Les startups sont obligées de se vendre

De plus, la tendance à la concentration des acteurs du secteur est souvent recherchée par les plus petits acteurs. En effets seul 10 % des startups qui émergent dans les biotechnologies réussissent à se faire une place sur le marché. Beaucoup d’inventeurs vendent leurs droits sur leurs inventions à des acteurs plus gros qui, seuls, ont les moyens de développer des applications industrielles. On peut citer l’exemple de l’entreprise semencière française Momont qui s’est petit à petit spécialisée dans la recherche sur les semences. En 2015, le groupe allemand KWS rachète l’entreprise. Thierry Momont déclare que cela signifie pour l’entreprise « l’accès à des moyens de recherche que nous n’avions pas en tant que PME, mais aussi à un réseau de distribution énorme » [2].

Damien Colombié, conseiller en propriété industrielle pour le cabinet Lavoix, confirme dans une interview pour Affiches Parisiennes en avril 2019 [3] que la cession de brevets est très courante et ce, à des prix très élevés. Il conforte l’idée que les DPI avantagent plutôt les grandes entreprises et les situations monopolistiques au détriment des PME car les moyens disponibles pour la compréhension et la gestion des DPI sont déséquilibrés. Les PME ne sont pas bien informées et cela se retourne souvent contre elles lorsqu’elles font l’objet de recours en justice pour contrefaçon.

Les brevets valorisent les entreprises

Néanmoins, ce n’est pas l’argent de dommages et intérêts qui peuvent être retirés des contentieux qui enrichissent les propriétaires des brevets. Ce qui rapporte, c’est le monopole sur l’invention, les parts de marché que cela permet d’avoir mais également la valeur que donne un portefeuille de brevets à une entreprise. Pour de potentiels investisseurs, le potentiel de recherche et de développement que constitue un portefeuille de brevets est très important. En conséquence, beaucoup d’entreprises se lancent dans une logique d’accumulation de brevets pour gagner le plus de valeur possible.

On voit ainsi que les brevets donnent avant tout du pouvoir économique aux entreprises sans lequel leur pouvoir d’innovation et d’application industrielle est limité.

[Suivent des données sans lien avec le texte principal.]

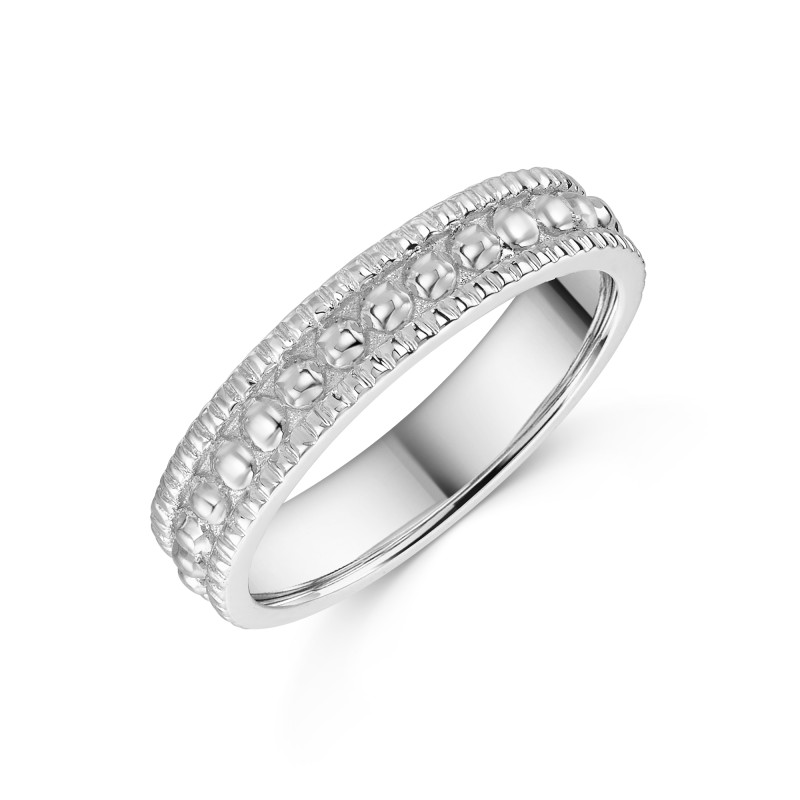9ct White Gold 4mm Ladies Fancy Ball Pattern Wedding Ring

Mohammed Torshizi, chercheur à l’Université d’Alberta au Canada, a étudié l’impact des droits de propriété industrielle sur l’économie des semences aux États-Unis et au Canada. Son étude porte sur les conséquences de droits de propriété semblables à ceux conférés par les brevets, c’est-à-dire des droits exclusifs, sur des semences. Bien que localisée dans le temps et dans l’espace sur le continent Nord américain, cette étude offre tout de même matière à réflexion pour le contexte européen. Il définit un DPI
« fort », comme créant une situation dans laquelle un agent économique a un impact direct sur la détermination du prix du marché. Son étude d’impact de ces DPI forts sur l’innovation et le pouvoir de marché permet de constater que des DPI forts sur les semences conduisent à une concentration des acteurs du secteur, à une augmentation générale moyenne du prix des semences ainsi qu’à une perte d’autonomie des paysans.

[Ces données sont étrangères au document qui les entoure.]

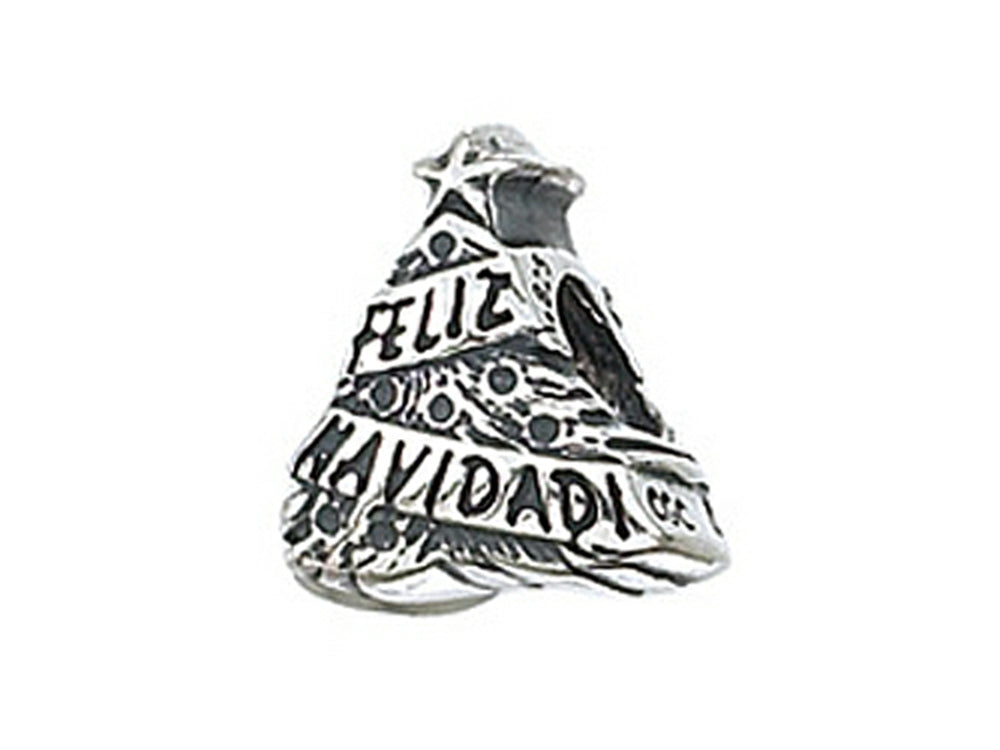 Zable Sterling Silver Feliz Navidad Tree Bead / Charm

Les DPI apportent de l’innovation 
mais à quel prix ?

Plus précisément, des DPI forts ont apporté au secteur semencier nord-américain et à ses acteurs plus d’innovations biotechnologiques. Mais également une perte de diversité de l’offre semencière ainsi qu’un ensemble d’autres effets plus négatifs pour l’innovation. Les acteurs adoptent des comportements stratégiques communs qui leur permettent de renforcer leur influence et leurs profits. Et tous ces effets font boule de neige.

Les acteurs développent un réseau d’accords de licences réciproques (cross-licensing) qui permet de partager l’utilisation d’un brevet. Ces dépendances réciproques génèrent la création de cartels de facto et sont associées à une situation de « propriété commune » (« common ownership ») dans le secteur semencier. Il s’agit de la situation dans laquelle un petit nombre d’investisseurs et/ou de propriétaires possèdent des parts dans plusieurs entreprises concurrentes du même secteur. Cela fausse la concurrence et empêche les entreprises de se lancer dans une course à la baisse des prix pour gagner des parts de marché contre leurs concurrents.

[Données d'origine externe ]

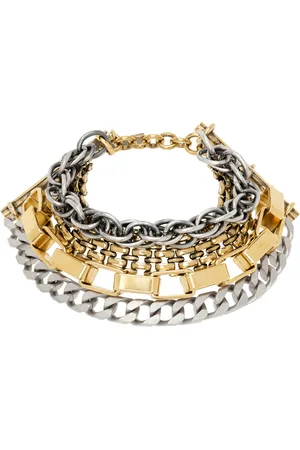Maison Margiela Bracelet-chainette étagé argenté et doré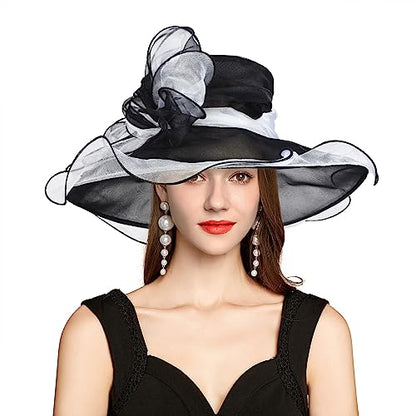 2026 Derby Hats for Women Ladies, Classy Organza Sun Hat, Church Tea Party Wedding Kentucky Fascinator Hat - color: A2967-black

L’étude se poursuit en constatant qu’un oligopole émerge conférant toujours plus de pouvoir de marché aux acteurs, et leur pouvoir économique dominant dans le secteur est tel qu’il se transforme en pouvoir politique. En effet, non seulement les prix augmentent mais les prises de décisions concernant les productions agricoles sont transférées des paysans aux semenciers. Les semenciers contrôlent l’offre et l’activité des paysans se retrouve limitée par les contrats proposés par les semenciers.

En conséquence, les retombées économiques de l’innovation sur les semences sont réservées aux semenciers au détriment des paysans.

Interdire les brevets sur le vivant

La relation entre les brevets et l’innovation ne joue donc pas toujours en faveur de cette dernière. C’est même souvent le contraire. Et le brevet ne promeut pas non plus l’intérêt général. Pour éviter la création de monopoles et la confiscation du vivant, beaucoup d’acteurs du monde paysan, comme La via Campesina, prônent l’interdiction de ce brevetage du vivant (voir notamment en p.18-19). 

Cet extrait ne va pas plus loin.